**HOW TO COMPLETE THIS TASK**
No pictures should be carried over. Output all other parts of the entries verbatim.
*** GIVEN ENTRIES ***
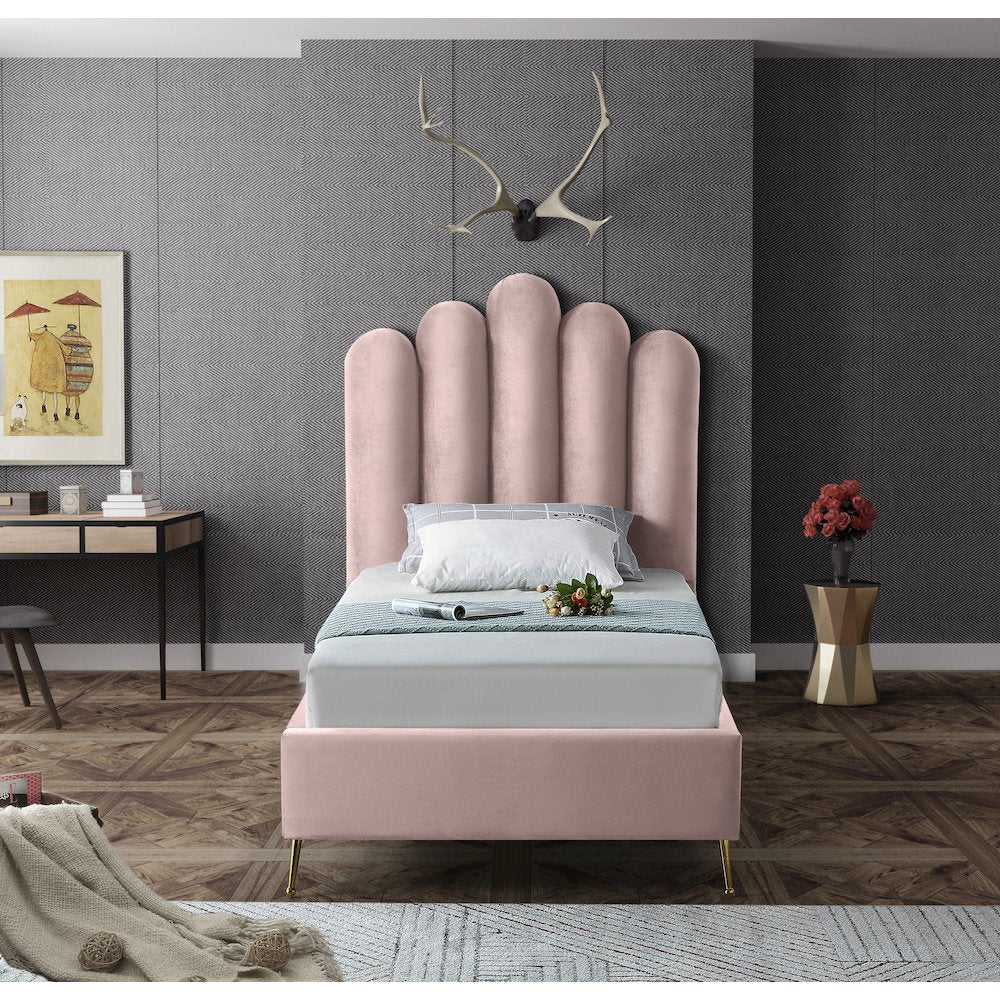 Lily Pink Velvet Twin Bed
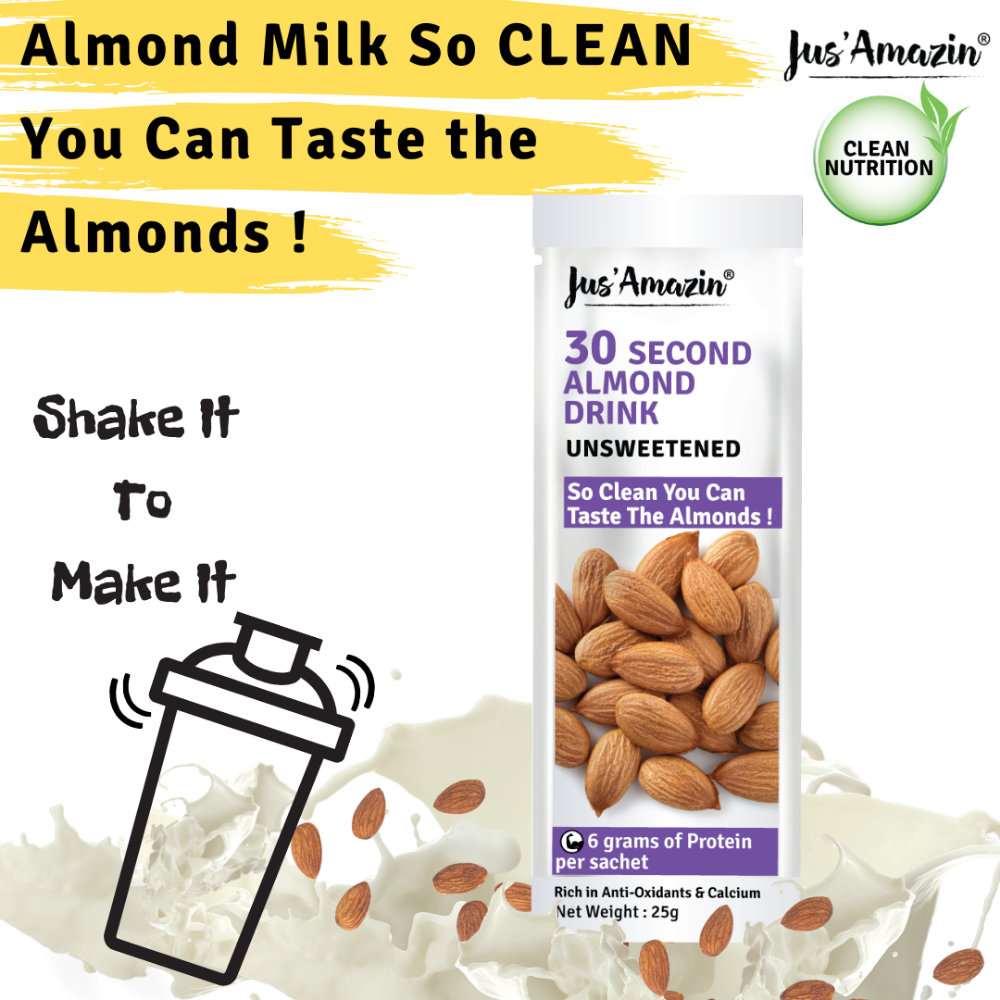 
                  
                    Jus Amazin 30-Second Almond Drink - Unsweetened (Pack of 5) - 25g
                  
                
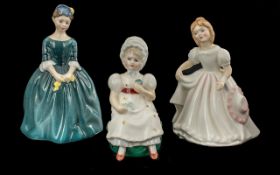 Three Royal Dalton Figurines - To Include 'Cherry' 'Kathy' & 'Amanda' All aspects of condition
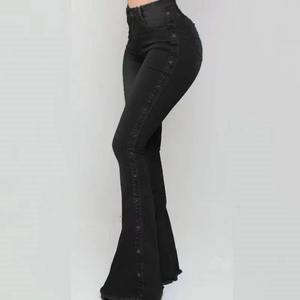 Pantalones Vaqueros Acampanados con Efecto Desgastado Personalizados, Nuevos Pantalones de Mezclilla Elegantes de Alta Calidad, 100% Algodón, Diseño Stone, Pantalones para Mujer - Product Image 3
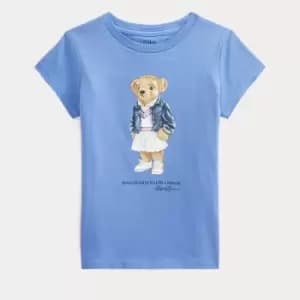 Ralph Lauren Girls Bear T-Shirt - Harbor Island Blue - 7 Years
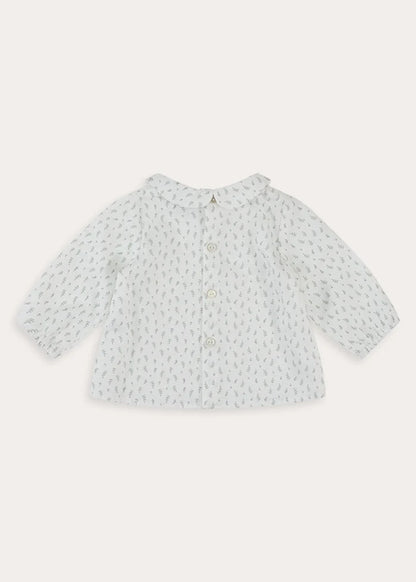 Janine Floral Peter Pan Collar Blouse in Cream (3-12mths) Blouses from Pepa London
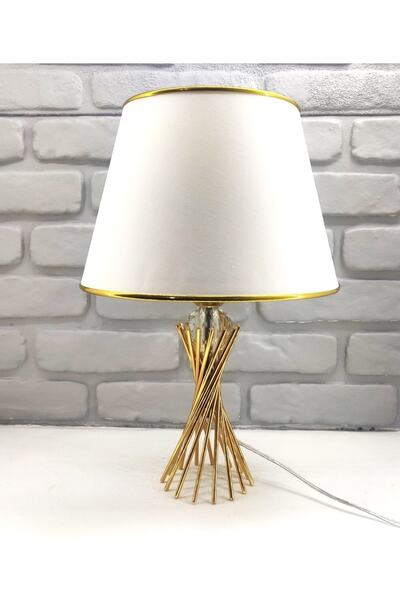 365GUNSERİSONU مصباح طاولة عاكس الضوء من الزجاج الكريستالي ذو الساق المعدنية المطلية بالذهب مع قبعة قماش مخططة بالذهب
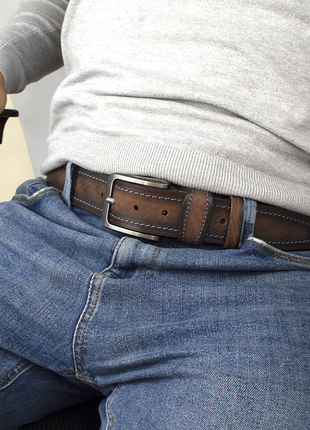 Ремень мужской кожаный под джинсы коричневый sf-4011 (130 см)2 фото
*** End of GIVEN ENTRIES ***
**ANSWER AREA**
 Lily Pink Velvet Twin Bed
                  
                    Jus Amazin 30-Second Almond Drink - Unsweetened (Pack of 5) - 25g
                  
                
 Three Royal Dalton Figurines - To Include 'Cherry' 'Kathy' & 'Amanda' All aspects of condition
 Pantalones Vaqueros Acampanados con Efecto Desgastado Personalizados, Nuevos Pantalones de Mezclilla Elegantes de Alta Calidad, 100% Algodón, Diseño Stone, Pantalones para Mujer - Product Image 3
 Ralph Lauren Girls Bear T-Shirt - Harbor Island Blue - 7 Years
 Janine Floral Peter Pan Collar Blouse in Cream (3-12mths) Blouses from Pepa London
 365GUNSERİSONU مصباح طاولة عاكس الضوء من الزجاج الكريستالي ذو الساق المعدنية المطلية بالذهب مع قبعة قماش مخططة بالذهب
 Ремень мужской кожаный под джинсы коричневый sf-4011 (130 см)2 фото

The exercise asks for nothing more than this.